Now, Erasmus Klunk’s “Moving Museum” boasts 107 separate parts of the collection and also features a slide-show presentation of “Eyebrows of Famous Women From History” and Klunk’s assistant “Teensie” who does an interpretive dance version of Muhammad Ali’s gym socks.
I urge all Beaverlickers to come and see Erasmus Klunk’s magnificent display of fine collectables of the famous, and the infamous. Where else would you get to see, with your very own eyes, the toothpick that Judas Iscariot used at the second-to-last supper?
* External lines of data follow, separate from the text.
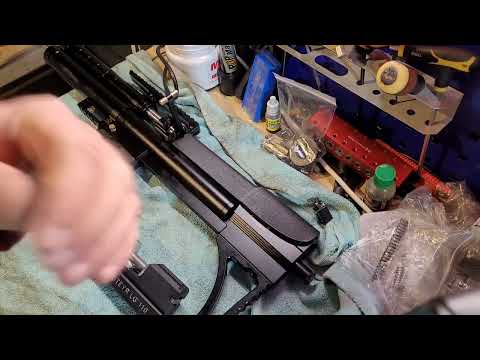 Видео: НУЖНО ЗНАТЬ ПЕРЕД ЗАКАЗОМ ALFA DOBERMAN. ГАРАНТИЯ, ДЕТАЛИ, ВСЕ ДО МЕЛОЧЕЙ В СРАВНЕНИЯХ И ПРИМЕРАХ.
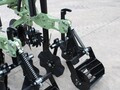 2026 Orthman 1tRIPr Strip-Till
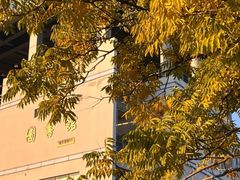 -浙江农林大学(东湖校区)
Clemson Arbogail Cowflap III Became only the third man in history to successfully traverse the Colorado River on a painting by Jackson Pollock.
Sniff Ranklin and Bertrand Cumslapper were arrested Friday protesting the 67th French Philosophy Convention and charged with possession of ennui with intent to distribute.
The Our Lady Of Perpetual Motion Ladies Aid Society will be performing the classic two act play “The Lids Are Off The Trashcans In The Alley Of My Love” Thursday, Friday, Saturday and Sunday nights at 8:00PM in the Slap Hapford Memorial Theater-In-The-Round And Donut Shoppe. Those audience members who wish to participate in the orgy scene are asked to sign up an hour before doors open.
Customers of Al’s Bar ‘N Bait are asked to take a moment out of their busy drinking schedule to remember one of their own: Diamond (The Madman) Blink, who became the only person in history to go from 6’5” in height to 3’7” and to die from having his tailbone shoved into his brain due to an unfortunate gardening accident.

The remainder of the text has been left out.